Saman
Barghi,
PhD
candidate
David
R.
Cheriton
School
of
Computer
Science
Concurrency is an essential part of many modern large-scale software systems. Applications must handle millions of simultaneous requests from millions of connected devices. Handling such a large number of concurrent requests requires runtime systems that efficiently manage concurrency and communication among tasks in an application across multiple cores. Existing low-level programming techniques provide scalable solutions with low overhead, but require non-linear control flow. Alternative approaches to concurrent programming, such as Erlang and Go, support linear control flow by mapping multiple user-level execution entities across multiple kernel threads (M:N threading). However, these systems provide comprehensive execution environments that make it difficult to assess the performance impact of user-level runtimes in isolation.
This thesis presents a nimble M:N user-level threading runtime that closes this conceptual gap and provides a software infrastructure to precisely study the performance impact of user-level threading.
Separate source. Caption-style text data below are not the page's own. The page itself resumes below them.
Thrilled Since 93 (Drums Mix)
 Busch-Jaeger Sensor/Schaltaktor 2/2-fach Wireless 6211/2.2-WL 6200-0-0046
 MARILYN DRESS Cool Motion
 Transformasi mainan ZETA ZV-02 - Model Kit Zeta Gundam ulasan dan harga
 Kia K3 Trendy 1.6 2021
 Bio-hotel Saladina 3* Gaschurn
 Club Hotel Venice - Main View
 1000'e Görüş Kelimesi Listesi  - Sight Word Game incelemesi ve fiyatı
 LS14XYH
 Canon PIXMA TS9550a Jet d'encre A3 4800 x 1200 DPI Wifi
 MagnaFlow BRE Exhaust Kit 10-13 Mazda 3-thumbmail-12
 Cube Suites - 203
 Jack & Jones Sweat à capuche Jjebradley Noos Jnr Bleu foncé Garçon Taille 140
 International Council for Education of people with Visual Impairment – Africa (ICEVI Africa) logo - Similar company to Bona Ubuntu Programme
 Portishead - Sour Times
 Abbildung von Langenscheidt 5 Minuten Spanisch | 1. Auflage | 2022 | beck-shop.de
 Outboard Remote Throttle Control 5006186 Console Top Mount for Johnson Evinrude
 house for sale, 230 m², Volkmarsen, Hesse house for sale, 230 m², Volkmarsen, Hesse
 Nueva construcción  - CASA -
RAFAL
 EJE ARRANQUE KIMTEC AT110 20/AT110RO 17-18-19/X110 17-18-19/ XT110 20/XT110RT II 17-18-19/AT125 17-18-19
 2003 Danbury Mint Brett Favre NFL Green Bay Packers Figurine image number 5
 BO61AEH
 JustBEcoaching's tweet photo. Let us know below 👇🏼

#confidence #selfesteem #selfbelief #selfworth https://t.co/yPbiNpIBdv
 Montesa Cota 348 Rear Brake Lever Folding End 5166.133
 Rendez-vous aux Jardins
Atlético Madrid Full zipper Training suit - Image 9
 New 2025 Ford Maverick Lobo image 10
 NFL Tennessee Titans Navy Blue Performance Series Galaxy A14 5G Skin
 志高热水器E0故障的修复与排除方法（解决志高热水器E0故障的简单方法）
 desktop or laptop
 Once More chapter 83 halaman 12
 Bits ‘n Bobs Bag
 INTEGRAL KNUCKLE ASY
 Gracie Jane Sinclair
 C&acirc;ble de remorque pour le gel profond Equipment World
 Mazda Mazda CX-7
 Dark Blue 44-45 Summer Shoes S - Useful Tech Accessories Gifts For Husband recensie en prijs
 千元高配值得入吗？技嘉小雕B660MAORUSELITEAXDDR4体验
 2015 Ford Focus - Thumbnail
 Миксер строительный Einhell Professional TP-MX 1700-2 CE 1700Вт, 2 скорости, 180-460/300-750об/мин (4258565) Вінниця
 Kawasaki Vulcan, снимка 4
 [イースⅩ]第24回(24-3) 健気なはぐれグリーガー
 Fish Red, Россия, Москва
Multiple design alternatives are presented and evaluated for scheduling, I/O multiplexing, and synchronization components of the runtime. The performance of the runtime is evaluated in comparison to event-driven software, system-level threading, and other user-level threading runtimes. An experimental evaluation is conducted using benchmark programs, as well as the popular Memcached application.
The user-level runtime supports high levels of concurrency without sacrificing application performance. In addition, the user-level scheduling problem is studied in the context of an existing actor runtime that maps multiple actors to multiple kernel-level threads. In particular, two locality-aware work-stealing schedulers are proposed and evaluated. It is shown that locality-aware scheduling can significantly improve the performance of a class of applications with a high level of concurrency. In general, the performance and resource utilization of large-scale concurrent applications depends on the level of concurrency that can be expressed by the programming model. This fundamental effect is studied by refining and customizing existing concurrency models.